Task
Given a training set of N example input-output pairs.
\((x_1, y_1), (x_2, y_2), ... (x_N, y_N)\)
where each \(y_j\) was generated by an unkown function \(y = f(x)\), discover a function \(h\) that approximates the true function \(f\).
Function \(h\): Hypothesis.
Learning is a search through space of possible hypotheses for one that performs well, even on new examples.
To measure accuracy of a hypothesis, we use a test set of examples distinct from the training set.
A hypothesis generalizes if it correctly predits the value of \(y\) for novel examples.
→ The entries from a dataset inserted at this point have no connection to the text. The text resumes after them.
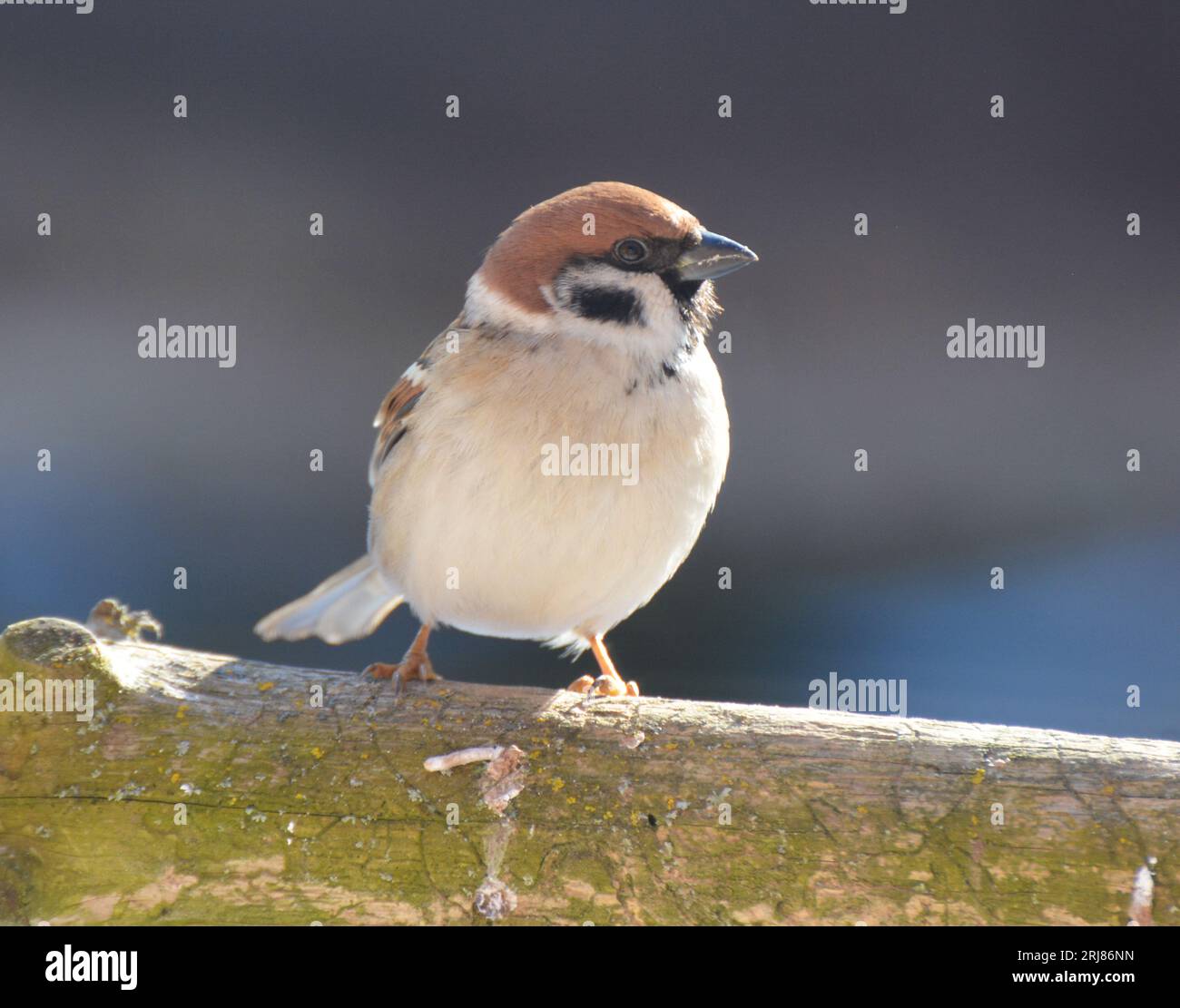 Sparrows on a tree hi-res stock photography and images - Alamy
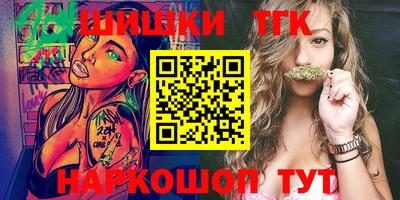 индика Кингисепп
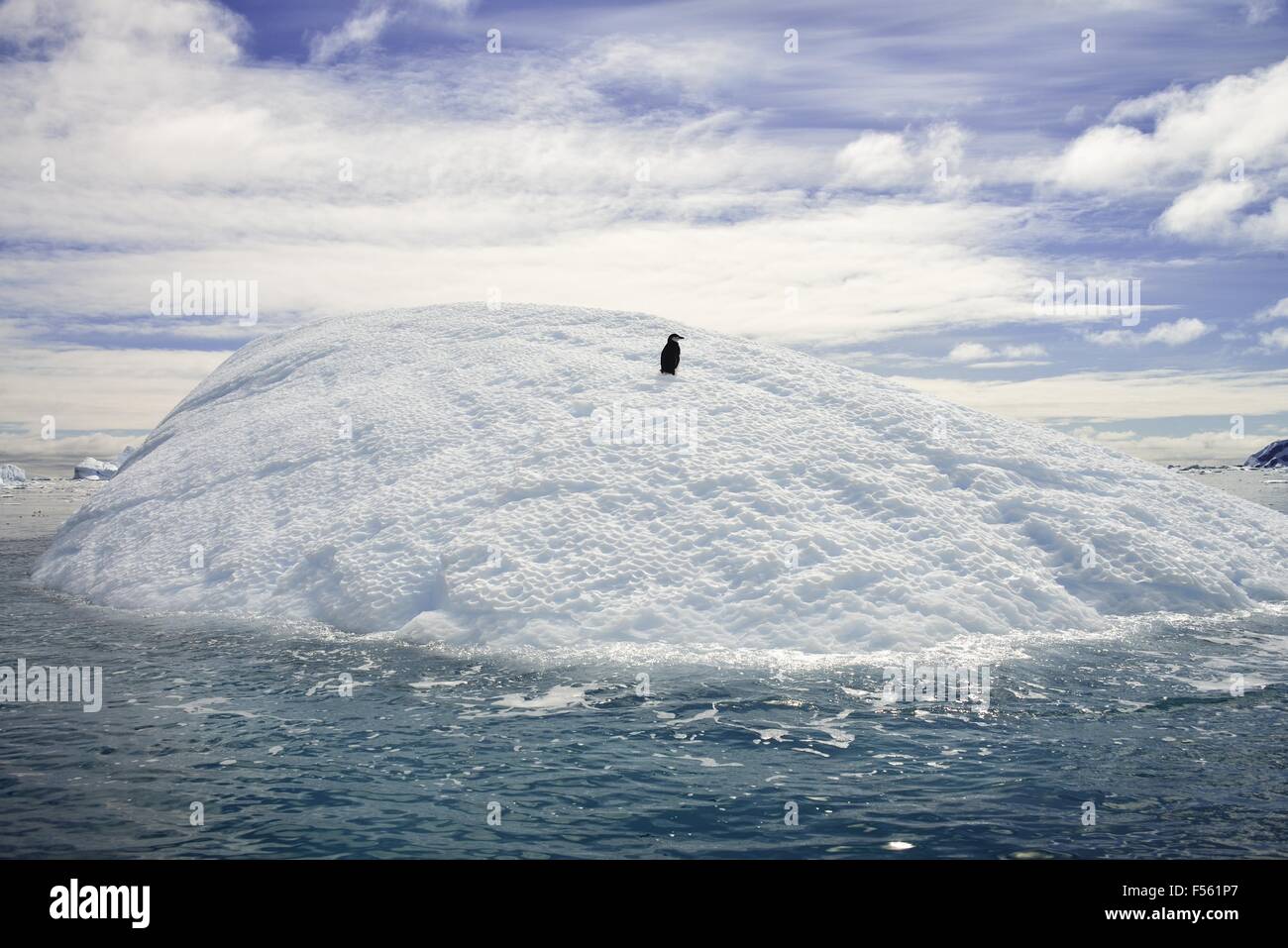 Un seul penguin reposant sur un iceberg ! Banque D'Images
Sometimes \(f\) is stochastic-not strictly a function of \(x\)- which means that we have to learn a conditional probability distribution \(P(Y|x)\)
Types of Learning Problems
Classification: Type of learning problem for which the output \(y\) is one of a finite set of values (such as \(sunny\), \(cloudy\), or \(rainy\)).
Regression: Type of learning problem for which the output \(y\) is a number (such as temperature).
Ockham’s Razor: Choose the simplest hypothesis consistent with the data.
“In general, there is a tradeoff between complex hypotheses that fit the training data well and simpler hypotheses that may generalize better.”
Supervised learning is done by choosing the hypothesis \(h^*\) that is most probably given the data:
\(h^*=argmax_{h\in H}\,P(h|data).\)
By Bayes: \(h^*=argmax_{h\in H}\,P(data|h)P(h).\)
\(P(h)\) is high for a degree 1/2 polynomial and low for a higher degree polynomial.